(Excerpts from a dataset)
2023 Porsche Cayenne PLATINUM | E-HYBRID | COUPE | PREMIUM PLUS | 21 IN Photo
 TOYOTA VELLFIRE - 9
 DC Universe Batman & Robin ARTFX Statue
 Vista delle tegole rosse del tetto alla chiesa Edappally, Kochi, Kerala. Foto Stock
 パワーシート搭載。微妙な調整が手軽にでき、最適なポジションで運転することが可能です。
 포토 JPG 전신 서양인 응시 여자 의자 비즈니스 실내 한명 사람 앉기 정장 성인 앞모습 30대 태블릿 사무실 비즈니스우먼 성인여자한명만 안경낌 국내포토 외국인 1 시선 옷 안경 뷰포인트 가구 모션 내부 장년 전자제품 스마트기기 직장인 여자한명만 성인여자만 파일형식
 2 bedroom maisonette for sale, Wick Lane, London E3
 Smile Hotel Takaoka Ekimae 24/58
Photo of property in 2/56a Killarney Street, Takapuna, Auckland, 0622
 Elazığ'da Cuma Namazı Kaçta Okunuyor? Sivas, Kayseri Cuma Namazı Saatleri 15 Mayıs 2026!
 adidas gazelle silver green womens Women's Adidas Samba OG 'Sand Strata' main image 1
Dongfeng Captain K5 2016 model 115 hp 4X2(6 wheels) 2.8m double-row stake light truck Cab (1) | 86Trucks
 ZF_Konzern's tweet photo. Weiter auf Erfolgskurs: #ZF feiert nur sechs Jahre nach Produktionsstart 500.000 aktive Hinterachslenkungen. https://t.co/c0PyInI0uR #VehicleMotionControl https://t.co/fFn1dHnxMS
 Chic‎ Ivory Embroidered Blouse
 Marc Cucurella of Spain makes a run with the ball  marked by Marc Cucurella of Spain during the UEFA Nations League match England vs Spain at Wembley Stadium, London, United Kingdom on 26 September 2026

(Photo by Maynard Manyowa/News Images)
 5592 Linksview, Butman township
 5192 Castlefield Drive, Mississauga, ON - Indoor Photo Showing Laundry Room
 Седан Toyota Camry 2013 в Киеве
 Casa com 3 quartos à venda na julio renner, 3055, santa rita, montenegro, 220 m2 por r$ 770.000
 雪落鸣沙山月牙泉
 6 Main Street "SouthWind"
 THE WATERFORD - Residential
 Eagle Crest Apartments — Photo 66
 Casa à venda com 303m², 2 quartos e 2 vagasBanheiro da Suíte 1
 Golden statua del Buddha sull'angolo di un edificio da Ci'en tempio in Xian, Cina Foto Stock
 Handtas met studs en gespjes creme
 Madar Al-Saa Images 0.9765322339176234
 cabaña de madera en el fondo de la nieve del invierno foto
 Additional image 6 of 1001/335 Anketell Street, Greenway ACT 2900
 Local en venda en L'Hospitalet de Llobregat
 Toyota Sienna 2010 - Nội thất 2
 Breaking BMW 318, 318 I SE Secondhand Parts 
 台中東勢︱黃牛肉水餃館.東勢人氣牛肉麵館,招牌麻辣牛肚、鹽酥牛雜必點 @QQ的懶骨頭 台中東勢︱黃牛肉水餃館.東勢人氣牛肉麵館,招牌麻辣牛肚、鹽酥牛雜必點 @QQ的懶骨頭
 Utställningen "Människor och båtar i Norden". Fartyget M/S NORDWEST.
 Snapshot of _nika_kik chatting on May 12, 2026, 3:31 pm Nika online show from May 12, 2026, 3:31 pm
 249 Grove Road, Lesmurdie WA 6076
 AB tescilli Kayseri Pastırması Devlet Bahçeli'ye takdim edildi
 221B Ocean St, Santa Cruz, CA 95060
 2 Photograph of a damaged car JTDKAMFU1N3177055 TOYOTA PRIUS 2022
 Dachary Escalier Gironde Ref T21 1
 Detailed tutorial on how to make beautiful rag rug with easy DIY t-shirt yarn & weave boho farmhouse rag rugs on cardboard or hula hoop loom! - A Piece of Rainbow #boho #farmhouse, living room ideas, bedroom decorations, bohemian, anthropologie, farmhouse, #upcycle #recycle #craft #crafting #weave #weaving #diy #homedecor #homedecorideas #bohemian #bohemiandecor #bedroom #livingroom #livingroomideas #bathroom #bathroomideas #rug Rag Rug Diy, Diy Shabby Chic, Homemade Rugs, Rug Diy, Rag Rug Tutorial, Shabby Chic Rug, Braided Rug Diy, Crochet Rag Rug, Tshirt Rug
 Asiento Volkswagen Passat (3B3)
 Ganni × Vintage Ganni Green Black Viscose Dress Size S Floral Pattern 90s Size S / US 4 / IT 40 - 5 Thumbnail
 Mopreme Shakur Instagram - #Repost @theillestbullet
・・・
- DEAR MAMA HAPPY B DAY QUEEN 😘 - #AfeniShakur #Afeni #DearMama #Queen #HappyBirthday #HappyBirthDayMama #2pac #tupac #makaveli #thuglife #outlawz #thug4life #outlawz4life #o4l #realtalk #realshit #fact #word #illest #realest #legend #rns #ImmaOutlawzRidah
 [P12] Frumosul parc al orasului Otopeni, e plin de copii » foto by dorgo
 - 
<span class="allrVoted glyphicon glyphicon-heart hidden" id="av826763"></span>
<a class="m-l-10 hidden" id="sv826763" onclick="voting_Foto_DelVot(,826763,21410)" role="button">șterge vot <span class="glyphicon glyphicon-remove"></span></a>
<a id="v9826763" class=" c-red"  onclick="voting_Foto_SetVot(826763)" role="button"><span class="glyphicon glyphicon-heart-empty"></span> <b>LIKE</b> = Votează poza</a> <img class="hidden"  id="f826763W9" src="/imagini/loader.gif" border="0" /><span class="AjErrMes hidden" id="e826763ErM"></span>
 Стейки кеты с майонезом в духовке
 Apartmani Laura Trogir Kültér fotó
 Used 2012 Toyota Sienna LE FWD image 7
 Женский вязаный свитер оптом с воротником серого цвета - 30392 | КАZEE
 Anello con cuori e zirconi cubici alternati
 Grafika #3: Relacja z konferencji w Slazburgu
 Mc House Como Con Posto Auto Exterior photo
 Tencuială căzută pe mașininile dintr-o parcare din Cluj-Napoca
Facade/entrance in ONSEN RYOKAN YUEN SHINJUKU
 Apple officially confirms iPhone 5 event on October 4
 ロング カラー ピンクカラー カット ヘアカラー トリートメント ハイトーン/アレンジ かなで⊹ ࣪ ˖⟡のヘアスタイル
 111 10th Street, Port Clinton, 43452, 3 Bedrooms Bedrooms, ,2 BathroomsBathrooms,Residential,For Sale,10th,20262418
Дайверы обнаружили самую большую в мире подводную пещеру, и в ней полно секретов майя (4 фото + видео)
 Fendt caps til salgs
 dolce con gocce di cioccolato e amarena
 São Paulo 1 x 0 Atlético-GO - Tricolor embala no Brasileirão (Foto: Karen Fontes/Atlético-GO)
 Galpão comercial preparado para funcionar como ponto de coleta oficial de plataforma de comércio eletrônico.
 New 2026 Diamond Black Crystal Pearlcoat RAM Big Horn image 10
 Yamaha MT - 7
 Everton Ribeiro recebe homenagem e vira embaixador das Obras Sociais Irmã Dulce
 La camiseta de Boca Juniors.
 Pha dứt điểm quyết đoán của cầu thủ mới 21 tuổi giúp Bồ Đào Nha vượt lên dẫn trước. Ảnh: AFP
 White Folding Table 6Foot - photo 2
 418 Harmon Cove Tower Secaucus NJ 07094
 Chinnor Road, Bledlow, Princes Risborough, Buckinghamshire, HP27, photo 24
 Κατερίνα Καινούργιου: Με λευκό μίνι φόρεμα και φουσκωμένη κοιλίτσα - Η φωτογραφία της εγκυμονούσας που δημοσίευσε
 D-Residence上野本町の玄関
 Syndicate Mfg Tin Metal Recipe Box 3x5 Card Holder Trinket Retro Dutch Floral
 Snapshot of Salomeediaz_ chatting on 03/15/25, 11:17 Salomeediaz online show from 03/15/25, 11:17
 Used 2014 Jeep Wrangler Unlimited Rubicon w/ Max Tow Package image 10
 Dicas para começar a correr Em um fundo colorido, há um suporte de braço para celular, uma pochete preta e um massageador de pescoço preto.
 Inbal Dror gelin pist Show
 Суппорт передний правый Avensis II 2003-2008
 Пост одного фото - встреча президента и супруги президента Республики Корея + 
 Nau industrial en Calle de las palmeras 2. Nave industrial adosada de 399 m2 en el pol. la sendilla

Aim of the task
Retype only the stretch of lines above starting at the one with "AB tescilli Kayseri" and stopping at the one with "Dachary Escalier Gironde Ref T21 1", exactly as written, with both kept.

Result of the task
 AB tescilli Kayseri Pastırması Devlet Bahçeli'ye takdim edildi
 221B Ocean St, Santa Cruz, CA 95060
 2 Photograph of a damaged car JTDKAMFU1N3177055 TOYOTA PRIUS 2022
 Dachary Escalier Gironde Ref T21 1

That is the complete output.